Elon Musk's xAI launches Grok-1.5V with advanced image processing capabilities
Elon Musk's xAI, a competitor to OpenAI, has unveiled the first version of Grok capable of handling visual data. Named Grok-1.5V, this inaugural multimodal AI model can process not only text but also various forms of visual content such as "documents, diagrams, charts, screenshots, and photographs." The company showcased several practical applications of these new features, including converting flow charts into Python code, and interpreting internet memes.
A leap forward from Grok-1.5
Grok-1.5V is the successor to the Grok-1.5 model, which was designed to excel in coding and math tasks and process extended contexts for better comprehension of specific queries. The new version retains these capabilities while adding advanced image processing features.
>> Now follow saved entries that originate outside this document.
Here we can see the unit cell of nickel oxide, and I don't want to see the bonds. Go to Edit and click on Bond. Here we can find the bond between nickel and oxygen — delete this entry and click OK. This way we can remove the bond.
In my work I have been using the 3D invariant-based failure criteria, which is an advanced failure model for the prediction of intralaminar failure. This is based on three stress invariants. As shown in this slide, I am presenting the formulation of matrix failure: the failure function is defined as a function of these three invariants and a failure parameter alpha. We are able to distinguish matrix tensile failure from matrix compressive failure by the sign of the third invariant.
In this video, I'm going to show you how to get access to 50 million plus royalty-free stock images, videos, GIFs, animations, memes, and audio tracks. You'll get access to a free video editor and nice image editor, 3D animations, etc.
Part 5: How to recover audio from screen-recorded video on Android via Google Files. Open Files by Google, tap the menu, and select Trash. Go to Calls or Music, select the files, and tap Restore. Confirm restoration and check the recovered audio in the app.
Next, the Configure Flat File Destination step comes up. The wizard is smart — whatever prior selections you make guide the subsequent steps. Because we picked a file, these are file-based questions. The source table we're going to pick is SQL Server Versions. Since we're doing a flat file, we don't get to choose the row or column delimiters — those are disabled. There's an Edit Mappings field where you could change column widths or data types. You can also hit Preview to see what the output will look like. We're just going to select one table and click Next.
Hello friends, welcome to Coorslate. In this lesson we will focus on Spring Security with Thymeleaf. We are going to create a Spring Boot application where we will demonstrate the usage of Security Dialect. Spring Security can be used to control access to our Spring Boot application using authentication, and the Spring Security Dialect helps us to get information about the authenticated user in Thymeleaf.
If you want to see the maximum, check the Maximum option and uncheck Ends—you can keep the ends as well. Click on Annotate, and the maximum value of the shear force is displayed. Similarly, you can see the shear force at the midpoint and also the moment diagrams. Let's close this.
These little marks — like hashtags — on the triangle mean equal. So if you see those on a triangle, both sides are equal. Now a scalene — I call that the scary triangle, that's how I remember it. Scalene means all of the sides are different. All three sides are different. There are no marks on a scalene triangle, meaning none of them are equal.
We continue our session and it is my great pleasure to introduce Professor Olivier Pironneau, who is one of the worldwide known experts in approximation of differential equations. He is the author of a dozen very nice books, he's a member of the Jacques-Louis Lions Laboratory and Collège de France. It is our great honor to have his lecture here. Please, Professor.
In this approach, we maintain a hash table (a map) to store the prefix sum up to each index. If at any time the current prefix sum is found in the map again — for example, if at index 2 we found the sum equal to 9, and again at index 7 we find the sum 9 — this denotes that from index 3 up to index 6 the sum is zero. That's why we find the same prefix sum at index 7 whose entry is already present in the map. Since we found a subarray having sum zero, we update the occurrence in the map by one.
Although xAI has not provided a specific timeline for its deployment, it has indicated that both early adopters and current users will soon be able to access Grok-1.5V's features.
xAI also introduced RealWorldQA benchmark dataset
Alongside the launch of Grok-1.5V, xAI has also introduced a benchmark dataset called RealWorldQA. This dataset includes 700 images, each paired with questions and answers to test multimodal models like Grok. According to xAI, when evaluated using this dataset, its technology outperformed competitors such as OpenAI's GPT-4V and Google's Gemini Pro 1.5, demonstrating the superior capabilities of its new AI model.